__TASK OBJECTIVE__. Find the line containing "Adidas x Juve" in the listing below; reproduce it and every line after, exactly. Skip pictures.

__COLLECTED MATERIAL__.
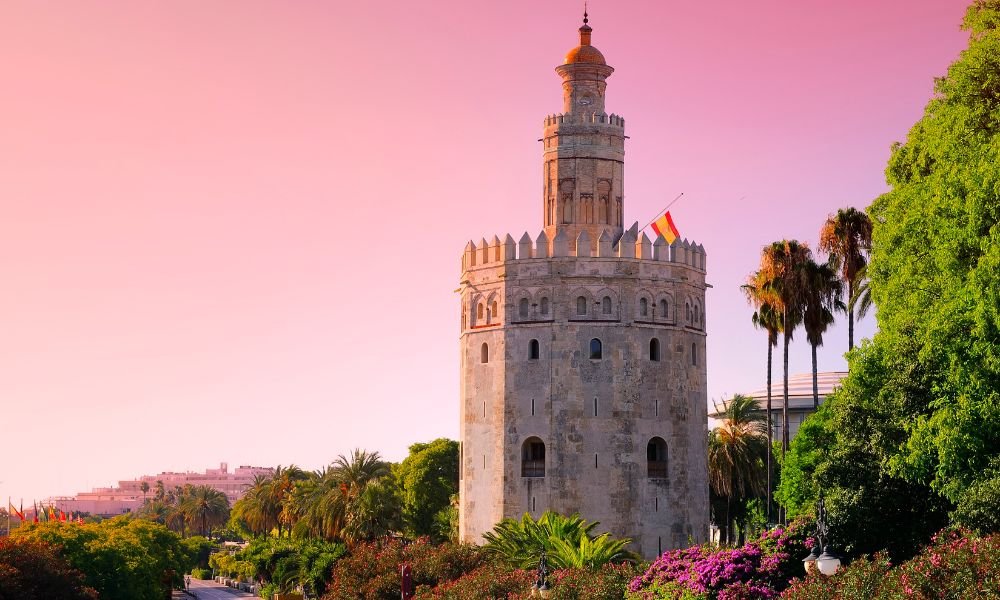 Torre dell’Oro Siviglia: Tutto quello da sapere, biglietti, orari e informazioni per la visita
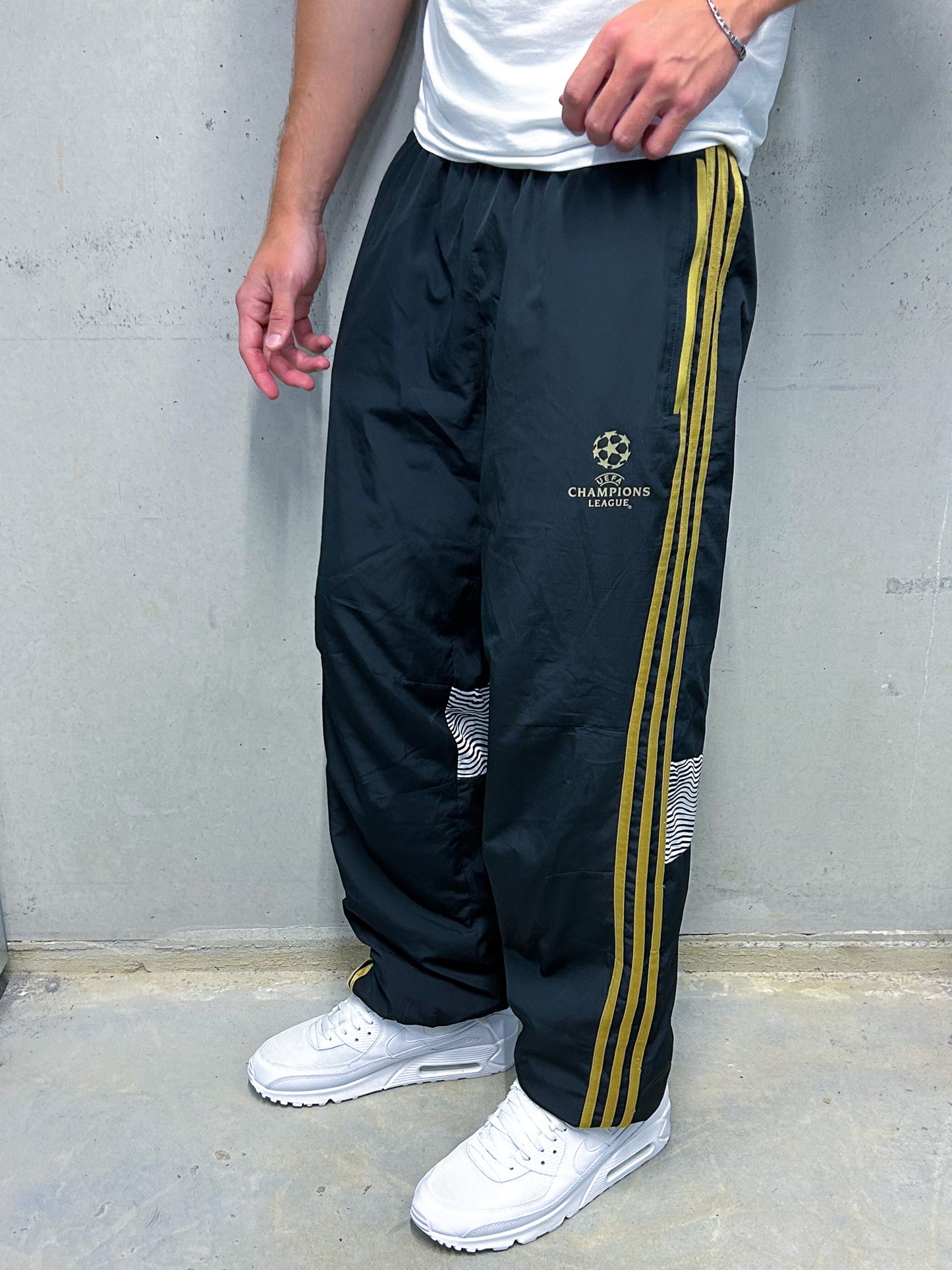 Adidas x Juve Champions League Vintage Trackpants | L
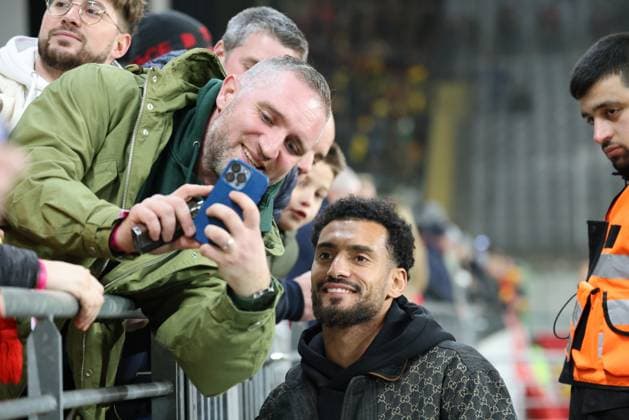 Selfie Angelo Fulgini avec un supporter de Lens lors du match RC Lens - OGC Nice, stade Bollaert-Delelis, 1er fÃ vrier 2023 FOOTBALL : RC Lens vs OGC Nice - Ligue 1 Uber Eats - 01 02 2023 LaurentSanson Panoramic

__ANSWER SECTION__.
 Adidas x Juve Champions League Vintage Trackpants | L
 Selfie Angelo Fulgini avec un supporter de Lens lors du match RC Lens - OGC Nice, stade Bollaert-Delelis, 1er fÃ vrier 2023 FOOTBALL : RC Lens vs OGC Nice - Ligue 1 Uber Eats - 01 02 2023 LaurentSanson Panoramic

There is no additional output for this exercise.